My second love was a little more sophisticated. I was 13. I thought I knew it all, and Randy, a whole year and a half older than I, really knew everything. He was tall had dark hair and boy, was he handsome. He was one of the first boys at my school to hit puberty, and myself being abnormally tall, we went hand in hand. Or face to face as it so turned out. Randy sure lived up to his name. People still tell me that it was just lust, but I was positive we were going to be forever. It all ended when he met that Darcy girl in detention. If only I had vandalized the school with him instead of going home to make dinner, we may still be together.

 

My third love was Robert.  He was an absolute dream. I had just entered university in family studies and could you believe it, he was the only boy in my class! He was a fantastic dresser who came from a good family. He was smart, kind funny, knew all about different types of foods and wines and theater. I truly truly believed that we were going to be together forever. I could not have found a more perfect person to get married to, have kids with and grow old with, even if I had made him up. I had just over looked one teensy tiny fact.

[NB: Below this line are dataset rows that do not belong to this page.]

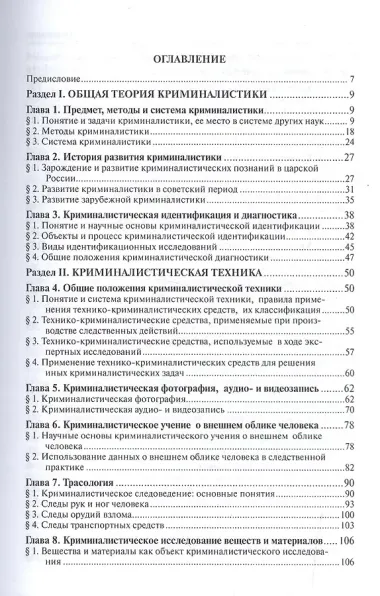 Криминалистика.Уч.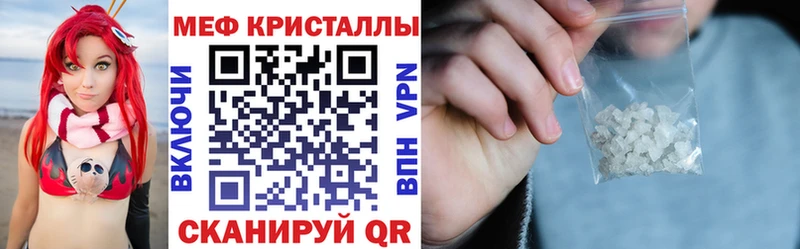 МЕФ мяу мяу  Красный Кут 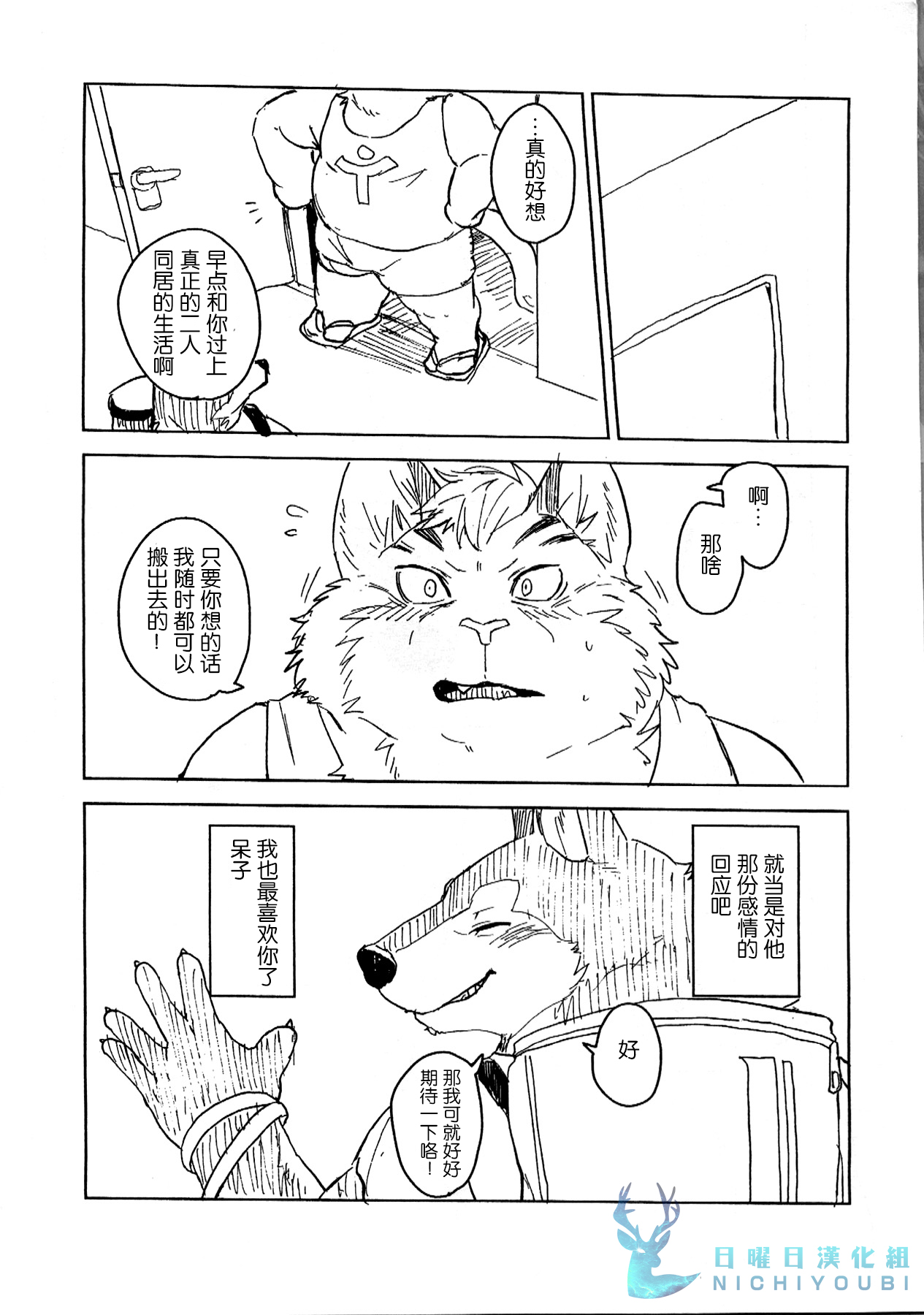 Aside Freesia page 9 full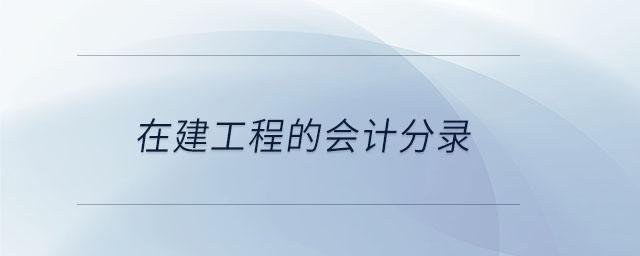 在建工程的會(huì)計(jì)分錄 在建工程的會(huì)計(jì)分錄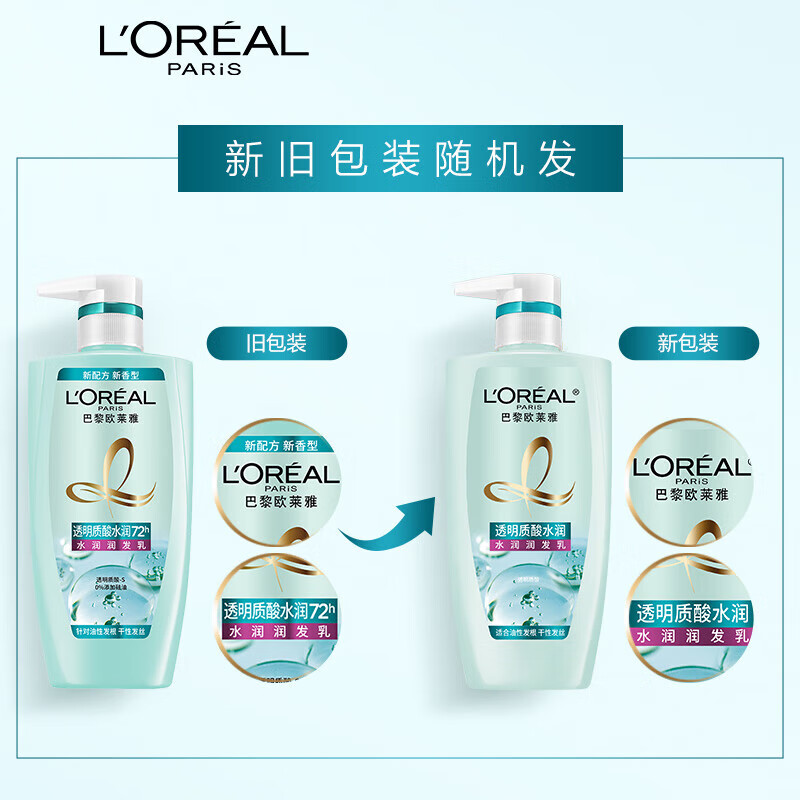 L'Oreal Hyaluronic Acid Hydrating Hair Lotion 500ml (No Silicone Oil) On Clearance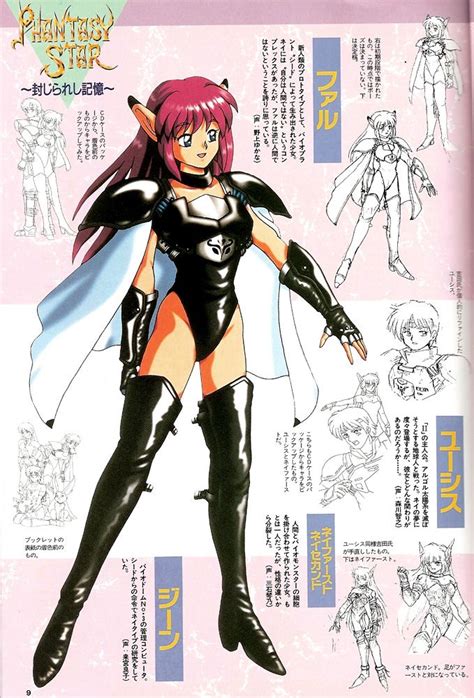 The SEGA Source — Artwork of Rika from Phantasy Star IV: The End of... in 2020 | Anime, Retro ...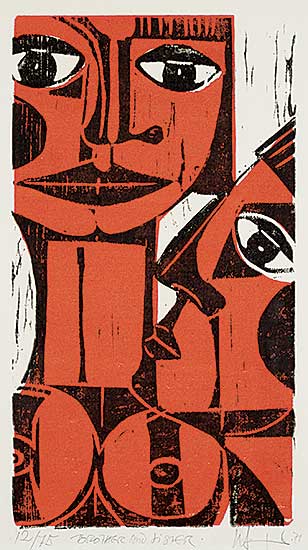 #507 ~ Siebner - Brother and Sister  #12/75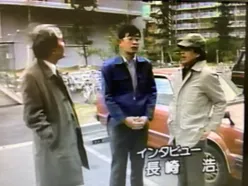 162話「「土と水の自然学」の取材⑮～処理編～」の写真 8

He loved me to death, and all of my friends could never understand it. I was a nice enough looking girl, but most guys would have rather gone out with my friends, I mean they were all perfect 10s. Then at least. When we broke up, he introduced me to the other woman. His name was Gerald.

 

Then finally there was Fox. He is the man for me. He is smart, funny, and an amazing writer. He has a stable job, and he has already bought a house! He has a plan for life. Were only in our mid twenties but he has an rrsp account, and is ready to marry me. We met in the most peculiar way as well  I now make a living as a film reviewer, and I got sent to a film festival in Dubai. Since it was so far, the paper only offered me one ticket so I went alone. In the press room, everyone knew each other except my self and Fox. He was such a gentleman as well, he asked what I thought of the film, bought me drinks and walked me home. We made a date to have dinner the next night. We talked and talked and talk for hours, and even though he lived in LA and I in New York, he kept getting business in New York and eventually got offered a transfer. Although the job didn’t pay as much, he took it to become closer to me! Last week he popped the question in Central Park. And I said yes! I truly do believe that this will be the man I love for the rest of my life.


I am going to go back to waiting for my flight now.